知りたい!サイエンス
なぞの宝庫・南極大陸 100万年前の地球を読む
- 飯塚芳徳,澤柿教伸,杉山慎,的場澄人 著
- 定価
- 1,738円(本体1,580円+税10%)
- 発売日
- 2008.10.30[在庫なし]
- 判型
- 四六
- 頁数
- 200ページ
- ISBN
- 978-4-7741-3661-5
サポート情報
概要
南極点に人類が初めて到達してからほぼ百年。一年中雪と氷に覆われている南極は厳しい自然環境ゆえに今も人間活動が限られたままです。地球環境問題が毎日報じられる中,南極はそれに最も敏感に反応するといわれ,氷床が融解するのではという危惧も広まっています。本書はそのような南極の全体像を俯瞰し,大地と雪氷にどのような悠久の地球史が記されているかについて解説します。
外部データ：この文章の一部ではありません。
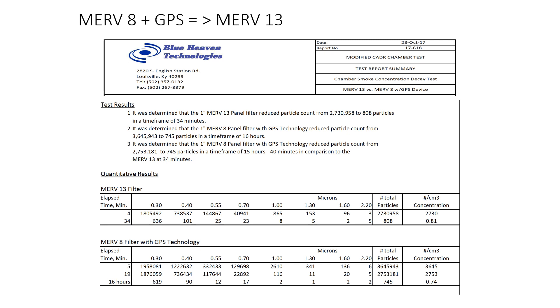ASHRAE is now suggesting increasing your MERV rating on your filters to MERV13 to help fight the COVID-19 virus. However, a lot of existing systems don't have the fan capacity to overcome the static pressure drop of a MERV13 filter, and they may not have the filter tracks that can hold a MERV13 filter. So you could take an existing MERV8 filter — which most every HVAC system is already utilizing — and combine our technology with it, which does not add any additional pressure drop to your system, and get the benefit of a MERV13 environment in the space.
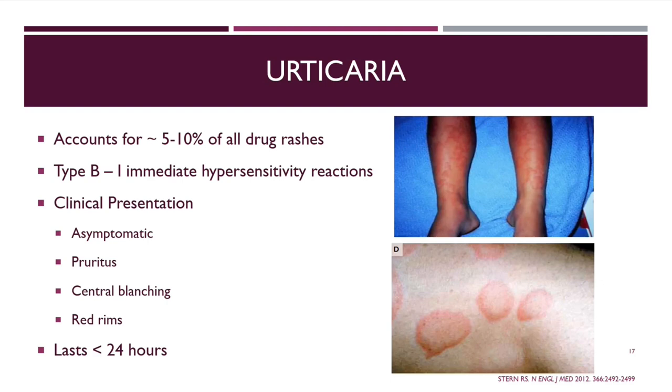Urticaria or hives account for about 5 to 10% of drug rashes. These are considered Type 1 hypersensitivity reactions. Most patients are asymptomatic and may just notice bumps, though some complain of itching. They may present with central blanching or red rims but are usually very short-lived — lasting less than 24 hours, especially if you stop exposure to the drug. If you continue taking it, they can last longer.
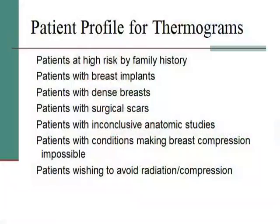Who should have a thermogram? Patients at high risk by family history, breast implants, dense breasts, surgical scars, or inconclusive anatomic studies. Patients with conditions making breast compression impossible, such as reflex sympathetic dystrophy or fibromyalgia. And patients wishing to avoid radiation and compression — which, since nobody told me they wanted to go back and have another mammogram, means everybody in the room. You can stand in front of a thermographic camera every day for the rest of your life without harm, because it's not giving — it's taking. And that's what makes it safe.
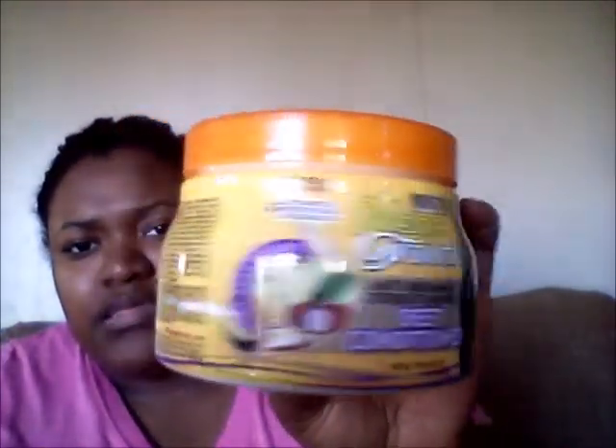Next I got two hair products on the same line — this is the Mega Growth. This one is the anti-breakage strengthening deep conditioner, 15 ounce, with olive, shea, avocado, and protein. It was $4.90-something. This one is the daily leave-in strengthener, break free formula. Both were $4.95 and I got them from Walmart. They seem really good — I'm going to try them out.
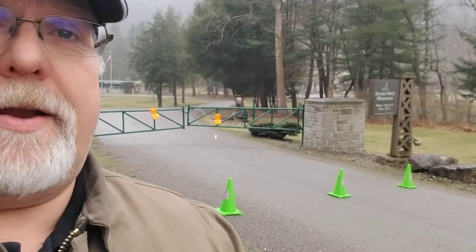Well, hello again — it's time for another lesson because we have to keep the educational process moving. I'm at Drakewell Museum right now. The gate is closed to get in and they've put cones down. That's how deadly the coronavirus is — cones will stop it, or so I've been told. Just kidding!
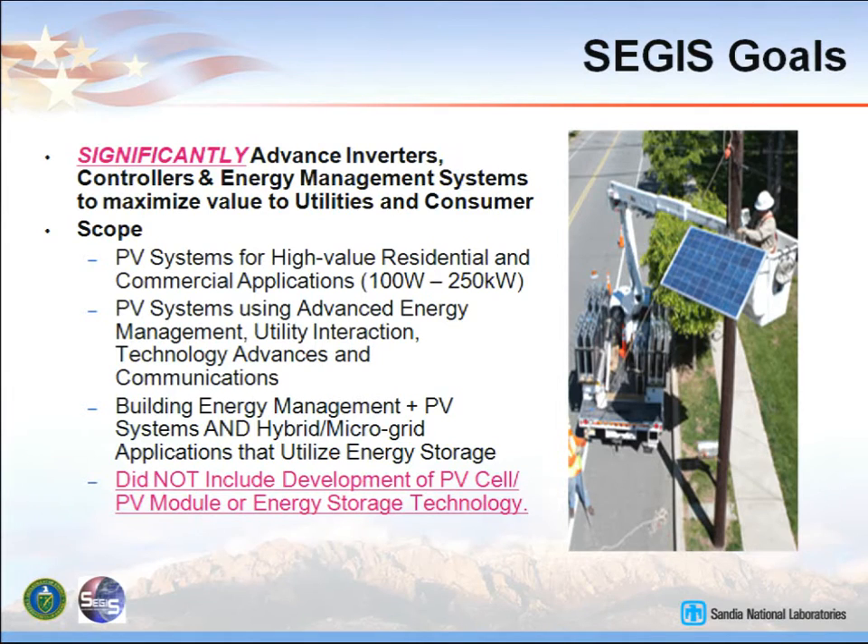Conservation is the biggest bang for the buck still. So if you can combine conservation along with your renewable energy generation, you've got a more valuable site. What we did not include in the SEGIS program was development of PV cells, modules, or the energy storage technology.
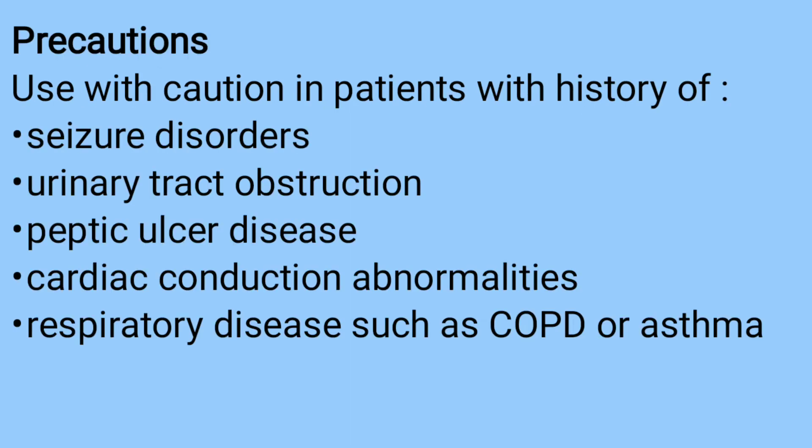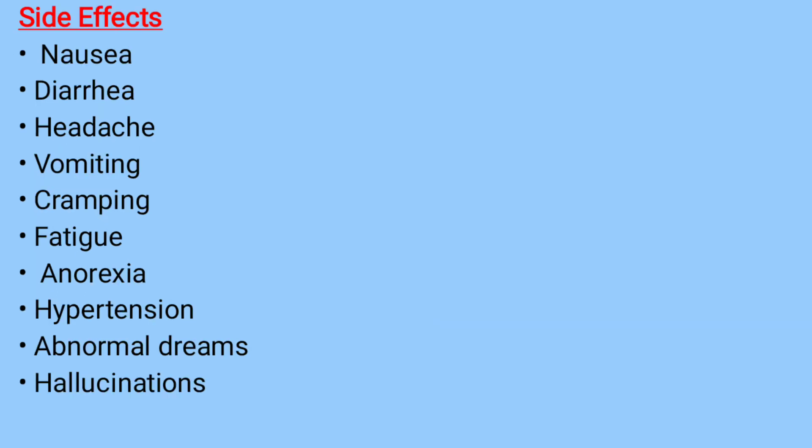Precautions: caution should be exercised in patients with a history of seizure disorders, urinary tract obstruction, peptic ulcer disease, cardiac conduction abnormalities, and respiratory disease such as COPD or asthma.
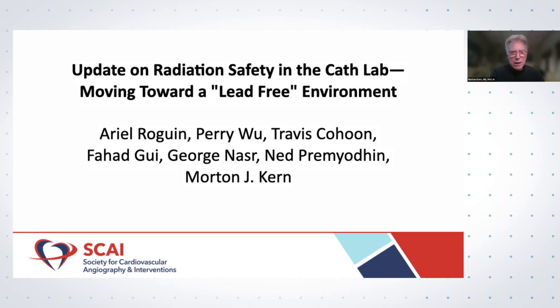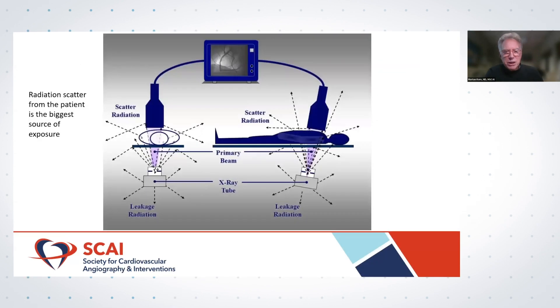It's a pleasure to be here and discuss radiation safety in the Cath Lab. This has been a career goal — working, educating, and protecting our colleagues, workers, and patients from the ubiquitous radiation field we live in. This paper was prompted by JSCAI editor Alexandra Lansky, who invited us to do an update on radiation safety. I want to thank Ariel Rogan from Technion Institute in Israel and my cardiology fellows Dr. Wu, Kohan, Gull, Nasser, and Pedamon who collaborated with us.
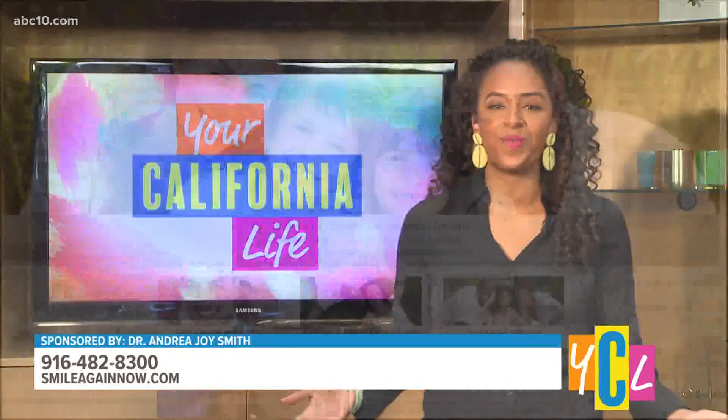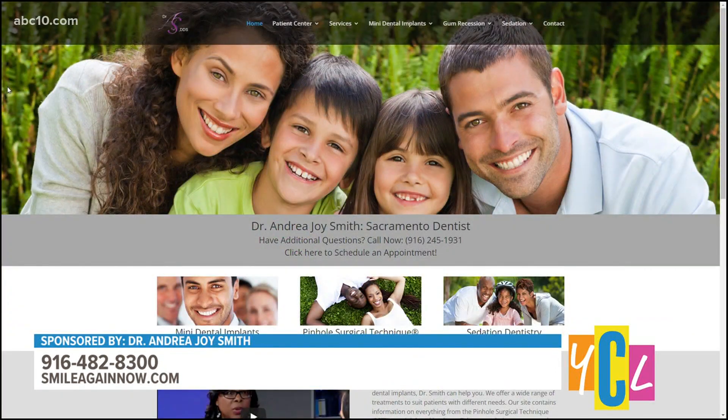You've heard it from her patients and from Dr. Andrea Joy Smith herself — always a pleasure having you on the show. And to get in touch with Dr. Smith about your dental needs, you can visit SmileAgainNow.com.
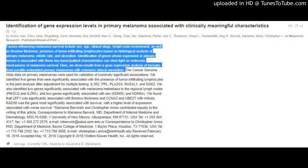Identification of Gene Expression Levels in Primary Melanoma Associated with Clinically Meaningful Characteristics. By Gorlov, Ivan, Orlo, Irene, Ringelberg, Carol, Fernando, Eva, Ernsthoff, Marques, Chang, Zhao, Herr, Stephanie, Parker, Joel S. Thompson, Cheryl L. Gerstenbleith, Meg R. Barrick, Marianne, Amos, Christopher. Via Melanoma Research, published ahead of print.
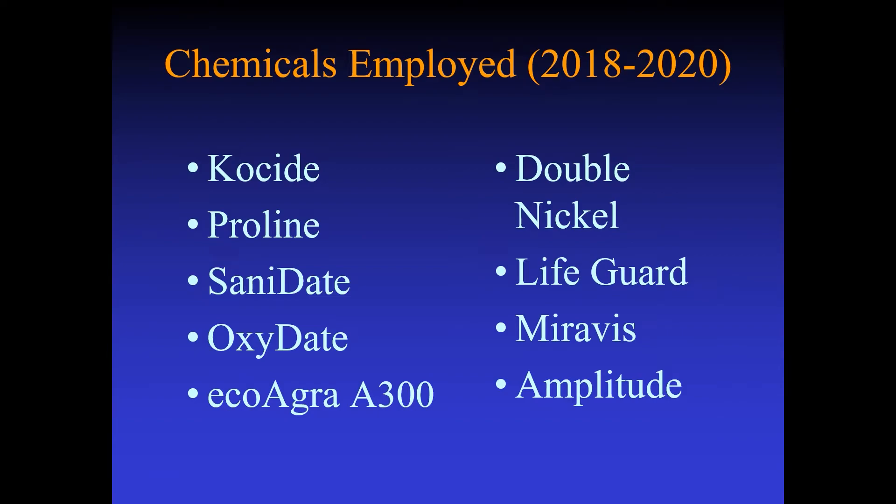This is a list of the different chemicals we have employed when talking about the copper alternatives. We did want to compare those products with Coside and Proline. Coside is a copper product; Proline is a standard fungicide that we use here. Sanidate and Oxidate are both hydrogen peroxide-oriented. The EcoAgra A300 label just says something about being plant-derived fatty acids. The other four products are all biocontrol products derived from Bacillus, which is a bacterium.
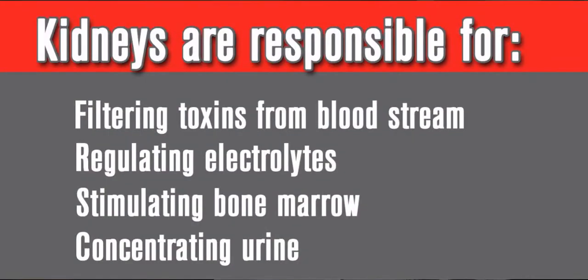The kidneys are responsible for filtering toxins from the bloodstream, regulating the body's electrolytes, stimulating the bone marrow to produce red blood cells, and concentrating the urine. When the kidneys are not working, we see problems with all of these functions.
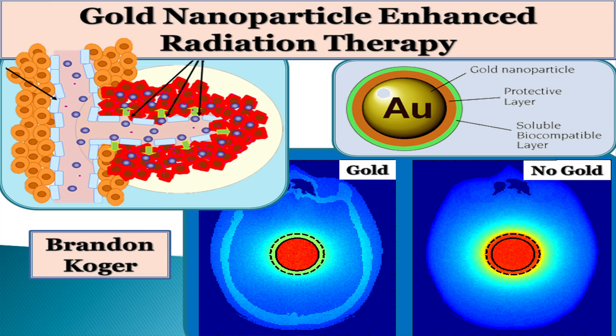Gold nanoparticles are so small, in fact, that when injected into a patient, they travel straight to the patient's tumor, avoiding the rest of the body. Once they get there, they can deliver drugs, such as chemotherapy, or sit and wait for us to hit them with radiation.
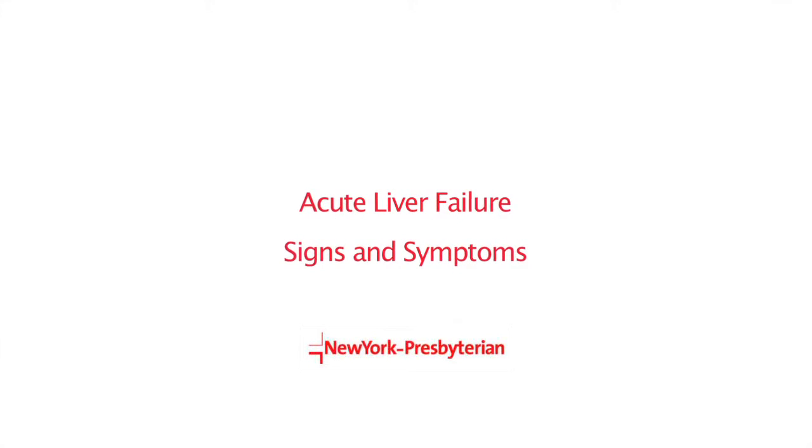Acute liver failure assumes that you have a healthy patient who has no problems with the liver, and then some insult — whether it be a drug, whether it be low oxygen levels, whether it be a virus — damages a significant portion of the liver where the person cannot sustain themselves.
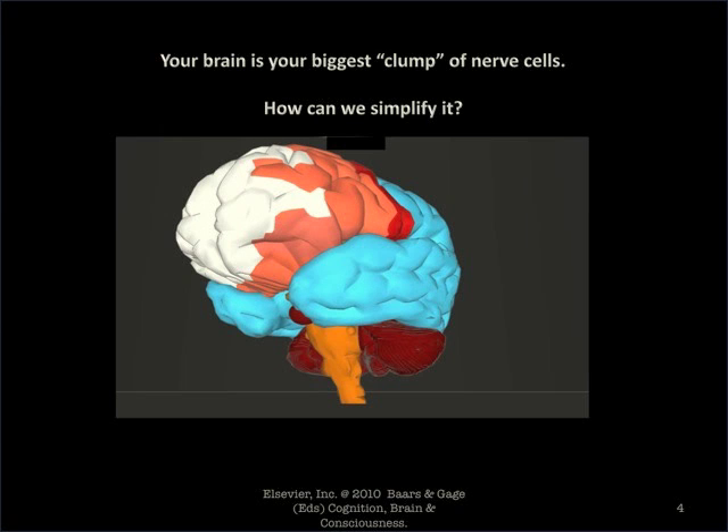Your brain is your biggest clump of nerve cells — approximately a hundred billion neurons. The question is always: how can we simplify it?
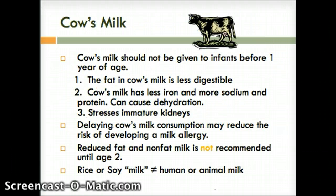A very important question to know is when to introduce cow's milk. It cannot be given to infants before their first year of age. It's less digestible, it stresses immature kidneys, and it can cause dehydration because it doesn't have enough iron but too much sodium and protein. We want to reduce the risk of developing a milk allergy. We would want to use reduced fat or nonfat milk after age two and before age three.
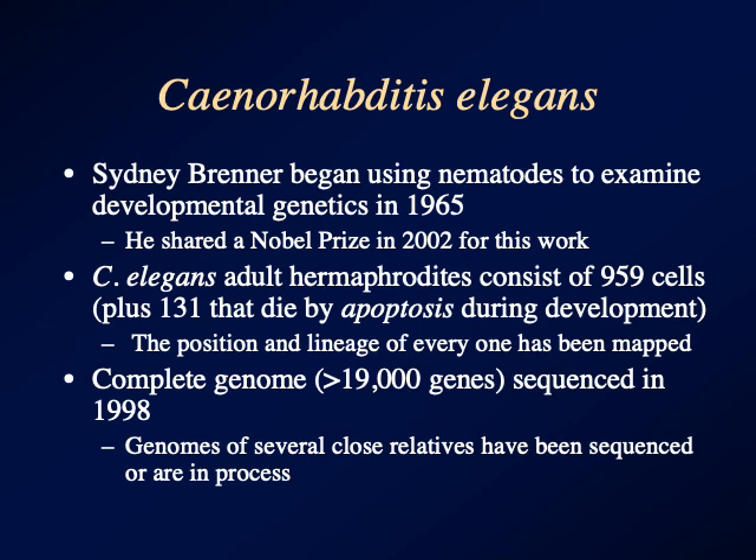The position of every one of those cells has been mapped, and we know exactly where every one of those cells comes from. The complete genome of C. elegans was sequenced in 1998. This lets us look at, at a very nuts and bolts level, the question of how you get from a fertilized egg to a complex body — what does mutating a particular gene do to the pattern of development, the timing of cell division, and the structures that you get?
南極は絶え間ない地球規模の環境変動によって形成されてきたものであり,またそれ自身が地球全体の環境にも影響を与え返していることがわかります。
こんな方にオススメ
- 南極に興味がある方
- 地球環境や古気候に興味がある方
- 固体地球物理や惑星形成について興味がある方
目次
第1章 南極大陸を3次元で見る
- 9世紀まで人跡未踏であった南極大陸の素顔
- 氷床の下に隠された100以上の湖
第2章 南極大陸の歴史を俯瞰する
- ゴンドワナ大陸から南極大陸へ
- どこまでも南を目指す男たち
- 南極を目指した日本人探検家白瀬矗
- 氷床コアが象徴する南極観測の技術
第3章 南極氷床はどんな世界か
- 南極大陸の氷の増え方と減り方
- 厚さ数千メートルの氷が“流れる”しくみ
- 雪は数千年をかけて氷に生まれ変わる
- 南極氷床の氷の量を測定する試み
第4章 氷床から過去の地球環境を復元する
- 厚さ3000メートル以上の氷床を掘り出す
- 過去数十万年の中で現在は温暖な時代
- 1万8000年前の複雑な温暖化と寒冷化
- 地球の気候変動はなぜ起こるか?
第5章 南極に秘められた地球史
- 南極大陸はなぜ「砂漠」と呼ばれるのか
- 日本隊が掘り出した深さ3000メートルの氷コア
- ローレンタイド氷床とアガシ湖
- 氷床が融けると世界の海面はどれだけ上昇するか
プロフィール
飯塚芳徳
北海道大学低温科学研究所研究員。博士。1974年生まれ。総合研究大学院大学博士課程修了。専門は雪氷学(氷床コア解析)。数十万年スケールの古環境復元を目的として,南極やグリーンランド氷床で掘削された氷コアの物理・化学解析学的な研究を進めている。とくに氷に含まれるマイクロスケールの不純物の組成・物性をどのように数十万年スケールの古環境復元に応用するかに注目している。
澤柿教伸
北海道大学大学院地球環境科学研究院助教。博士(環境科学)。1966年生まれ。北海道大学大学院環境科学研究科博士課程修了。氷河学と地質学の境界領域である「氷河地質学」を専攻。この分野では日本人としては数少ない専門家の一人。第34次および第47次南極地域観測隊員として昭和基地で越冬。氷底水流と南極氷床の安定性に関する問題を追究し,氷の下の地質現象からダイナミックな氷河像を復元することを目指している。
杉山慎
北海道大学低温科学研究所講師。博士(地球環境科学)。1969年愛知県生まれ。1993年大阪大学基礎工学研究科修士課程修了。1993~97年信越化学工業で光通信用デバイスに関する研究開発に従事。1997年より2年間青年海外協力隊に参加し,ザンビア共和国の高等学校で理数科教師。2000年より北海道大学地球環境科学研究科博士課程にて氷河の研究を始め,2003年に博士課程修了。スイス連邦工科大学に研究員として勤務の後,2005年より現職。2007~08年の日本・スウェーデン共同トラバース隊による南極氷床調査など多様な氷床・氷河の調査に参加。
的場澄人
北海道大学低温科学研究所環オホーツク観測研究センター助教。博士。1970年三重県生まれ。京都大学理学部卒業,同大学院理学研究科修了,総合研究大学院大学極域科学専攻博士課程卒業。専門は山岳氷河コアを用いた古環境の復元。2000年犬ソリによる北西グリーンランド広域積雪調査,2004年中華人民共和国・七一氷河調査,2006年カムチャツカ・イチンスキー氷河調査,2008年アラスカ・オーロラピーク氷河調査などに参加。